How to plant, grow and store rhubarb, plus some fantastic rhubarb recipes.
 Growing and Using Rhubarb Rhubarb is a perennial vegetable that is used most often like a fruit as it is delicious in pies, tarts and sauces. Rhubarb grows well in most gardens - a half-dozen plants will yield enough rhubarb for four people.
Rhubarb Planting Guide
Rhubarb is usually propagated by dividing roots in early spring. Root stock is readily available in garden centers, but planting rhubarb from seed is not generally recommended.
The University of Illionois extension [1] offers these planting tips:
Plant the roots with the crown bud 2 inches below the surface of the soil. Space the roots 36 to 48 inches apart in rows 3 to 4 feet apart. Good garden drainage is essential in growing rhubarb. Planting on raised beds ensures against rotting of the crown. Working plenty of well-rotted manure or compost into the rhubarb bed before planting greatly increases production.
Old roots may be dug and divided to make new plantings. Cut the roots into four to eight pieces. Each piece must have at least one strong bud. To improve vigor and leaf size, many gardeners divide the old plants and establish a new planting after at least 5 years of full harvest. Plantings older than this tend to begin crowding themselves out. Dig the roots of the most vigorous, healthy plants to establish a new bed the spring before the old planting is to be discarded.
Rhubarb Varieties
Recommended rhubarb varieties include Canada Red, with long, thick, extra sweet stalks; Cherry Red, which is a rich red color inside and out; Crimson Red, with tall, plump petioles; MacDonald, known for its brilliant red color and tender skin; Valentine, a good flavored rhubarb, and Victoria, which is shaded with red.

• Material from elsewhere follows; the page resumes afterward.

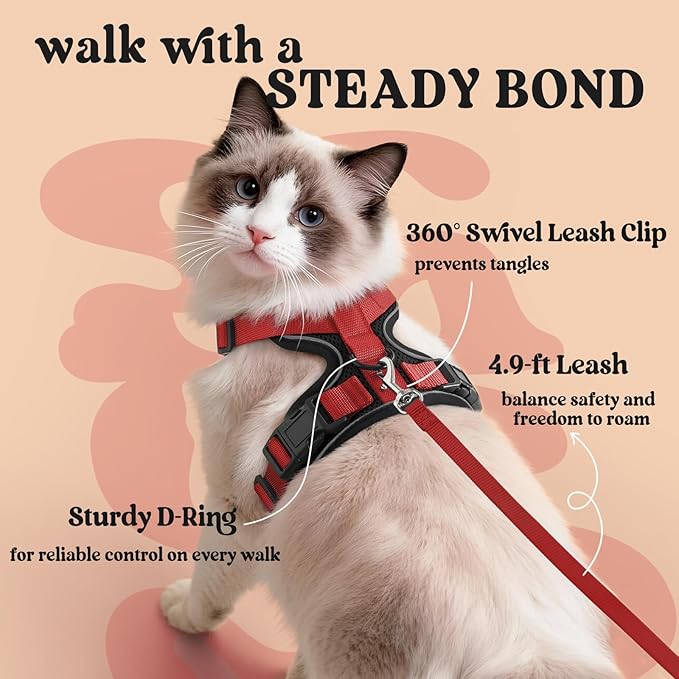 rabbitgoo Cat Harness and Leash Set, Escape Proof Kitten Harness for Safe Outdoor Walks, Soft Breathable Adjustable Vest with Reflective Strips for Kittens and Small Cats, Black & Red, XS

Care and Cultivation of Rhubarb
Apply manure or compost in late fall or early winter, taking care not to cover the crowns.
In spring, before leaves emerge, apply a complete garden fertilizer followed by a side dressing of high-nitrogren fertilizer three months later.
Organic mulch is beneficial to help retain moisture. Water new plantings until established; older plants should only need watering during extended dry periods.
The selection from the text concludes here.